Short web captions
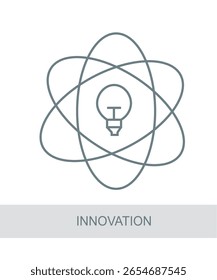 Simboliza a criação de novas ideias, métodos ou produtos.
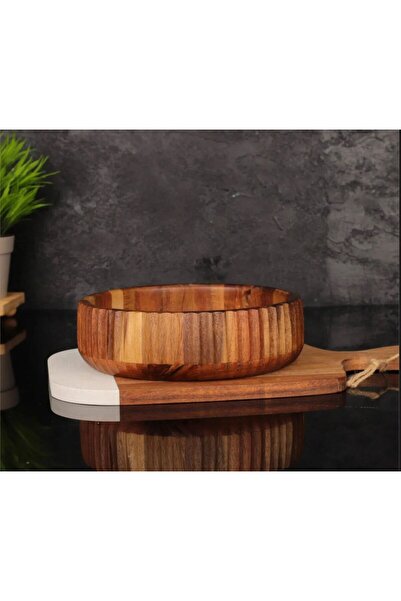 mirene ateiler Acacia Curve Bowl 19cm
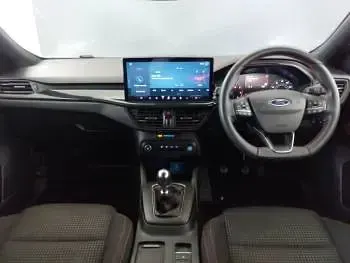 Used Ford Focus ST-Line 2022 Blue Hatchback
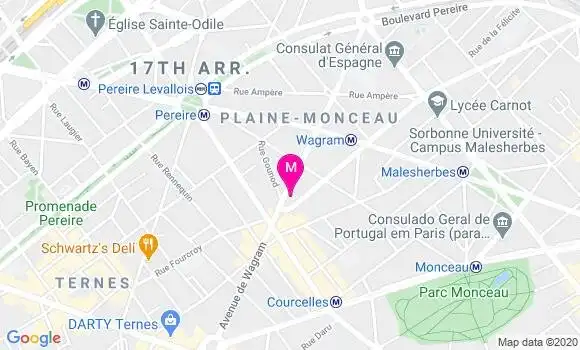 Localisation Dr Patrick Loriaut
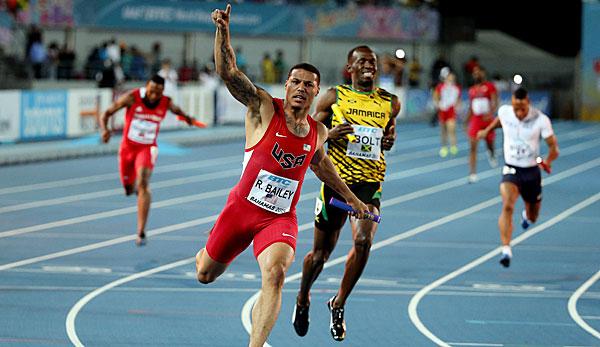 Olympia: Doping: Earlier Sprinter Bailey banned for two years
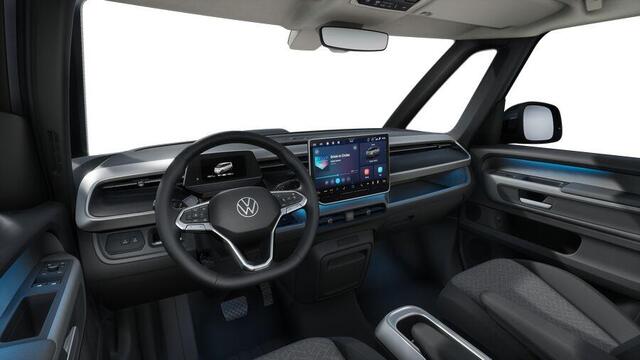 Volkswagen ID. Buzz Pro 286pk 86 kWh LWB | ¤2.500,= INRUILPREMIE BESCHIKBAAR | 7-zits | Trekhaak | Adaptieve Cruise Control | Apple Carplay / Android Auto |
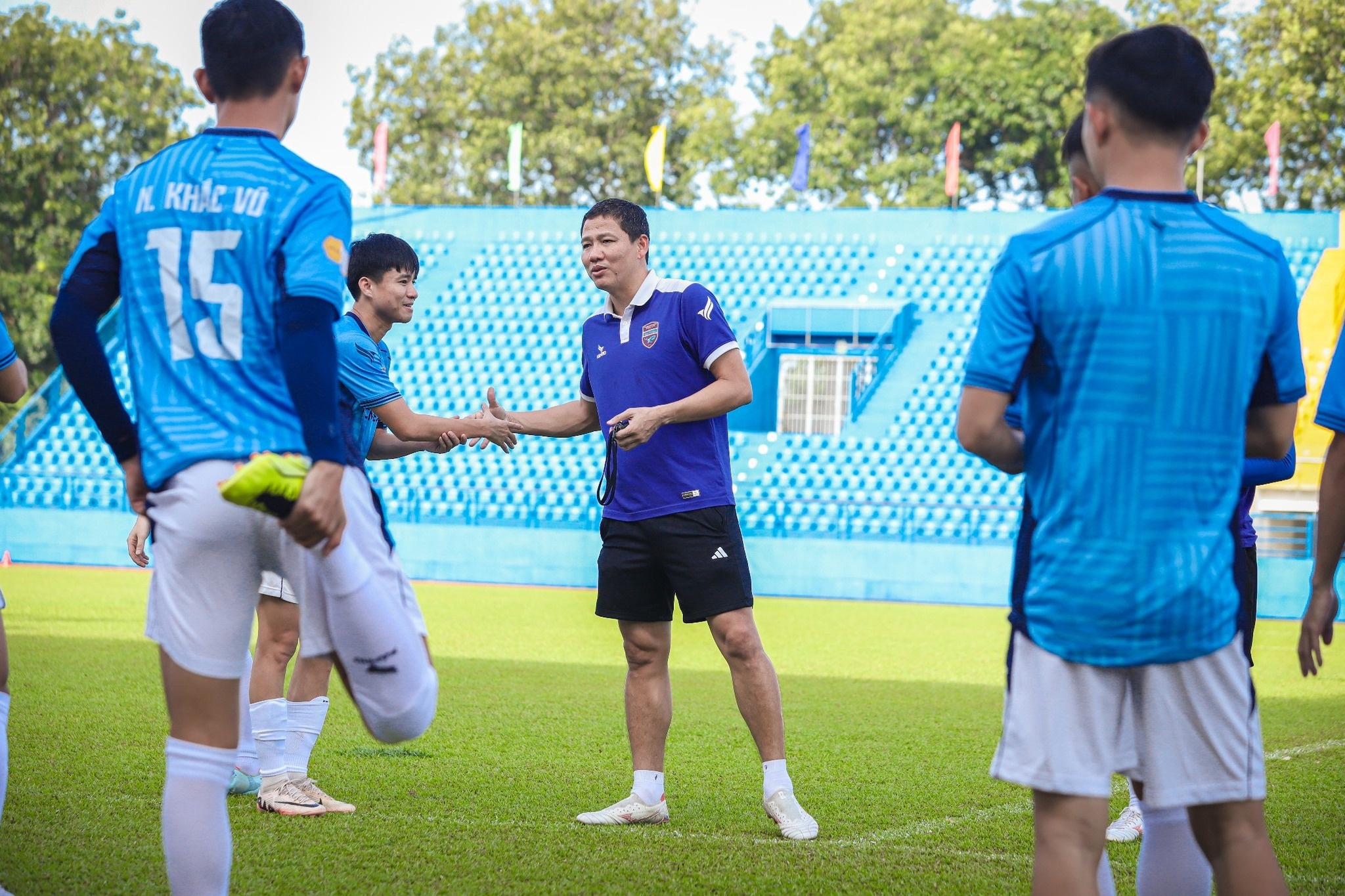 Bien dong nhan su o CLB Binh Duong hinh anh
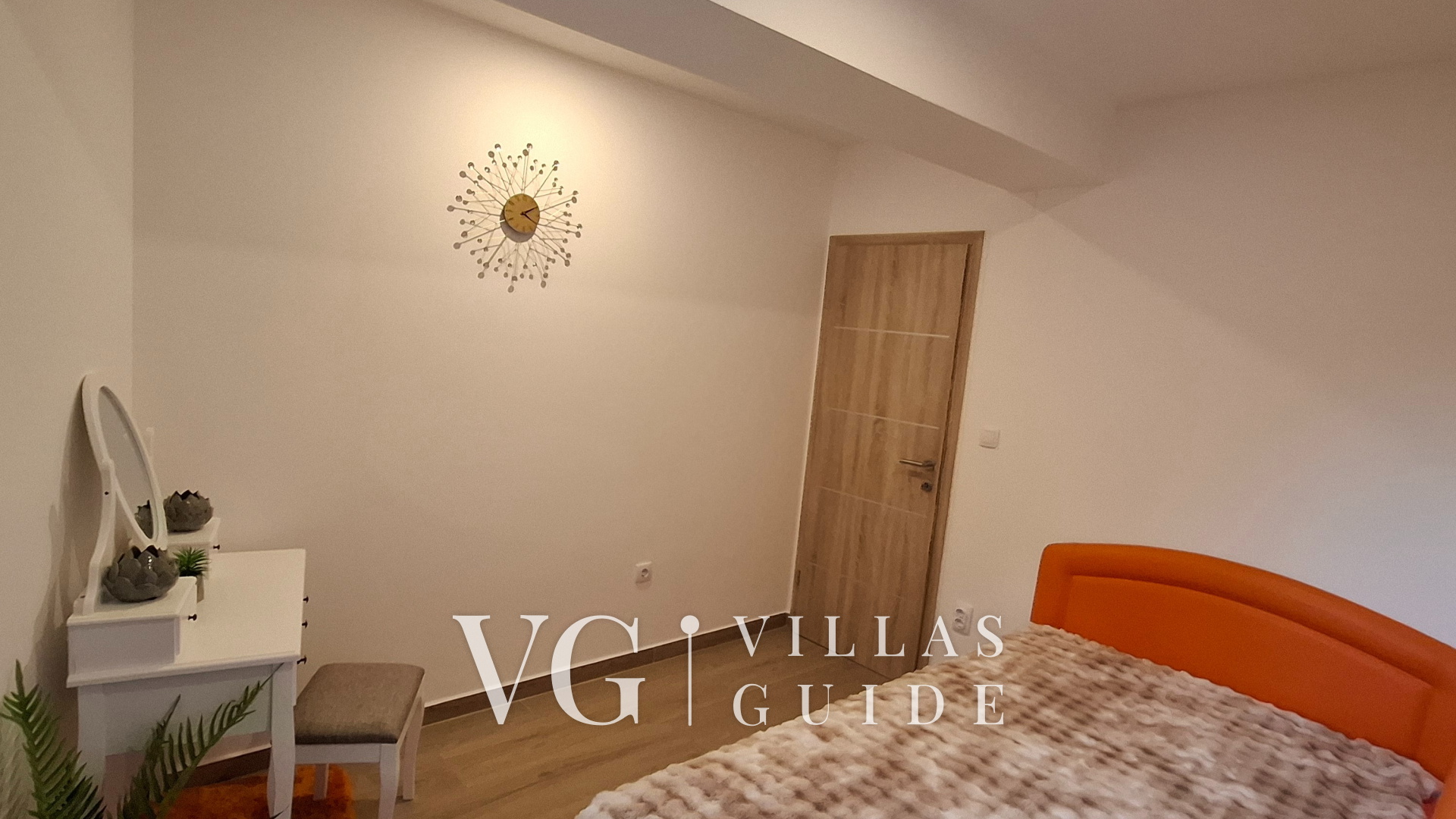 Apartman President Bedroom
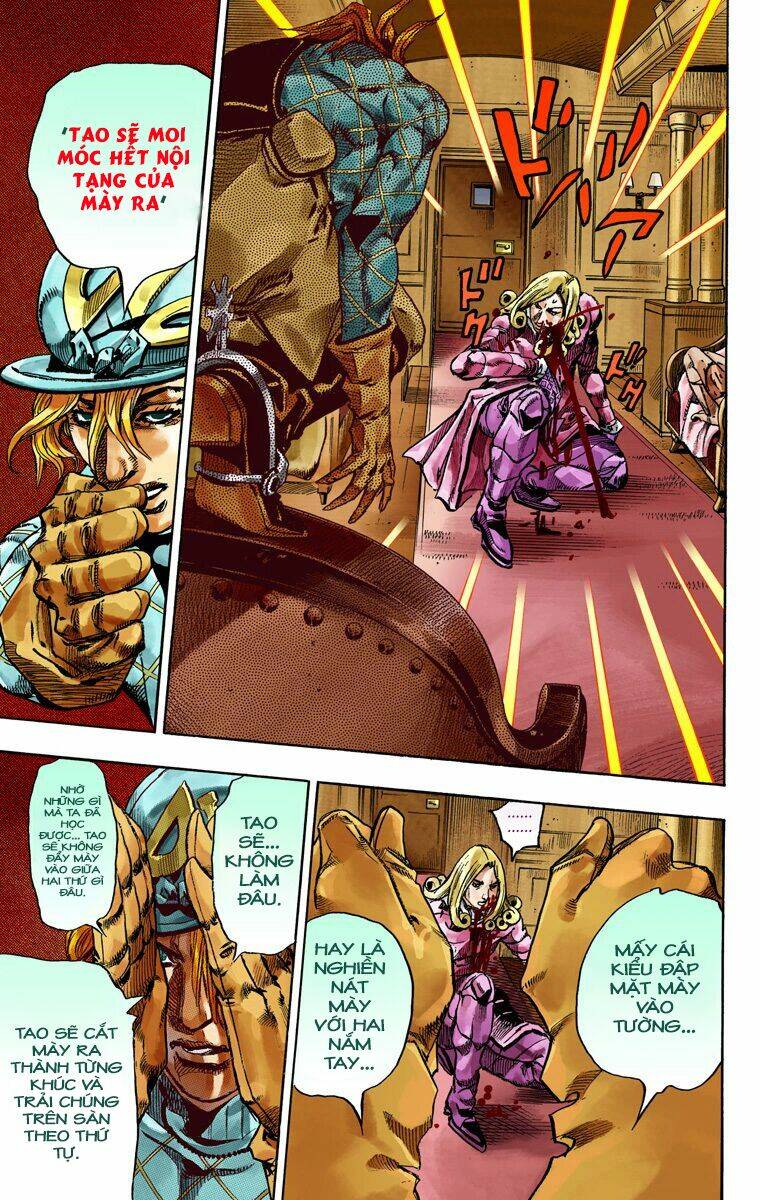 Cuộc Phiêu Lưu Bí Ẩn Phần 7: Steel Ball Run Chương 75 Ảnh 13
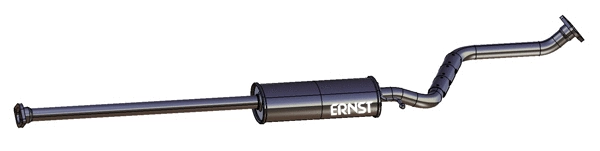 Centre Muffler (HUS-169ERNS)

Work order
Without altering anything, output all the lines above but none of the images.

Solution for this task
 Simboliza a criação de novas ideias, métodos ou produtos.
 mirene ateiler Acacia Curve Bowl 19cm
 Used Ford Focus ST-Line 2022 Blue Hatchback
 Localisation Dr Patrick Loriaut
 Olympia: Doping: Earlier Sprinter Bailey banned for two years
 Volkswagen ID. Buzz Pro 286pk 86 kWh LWB | ¤2.500,= INRUILPREMIE BESCHIKBAAR | 7-zits | Trekhaak | Adaptieve Cruise Control | Apple Carplay / Android Auto |
 Bien dong nhan su o CLB Binh Duong hinh anh
 Apartman President Bedroom
 Cuộc Phiêu Lưu Bí Ẩn Phần 7: Steel Ball Run Chương 75 Ảnh 13
 Centre Muffler (HUS-169ERNS)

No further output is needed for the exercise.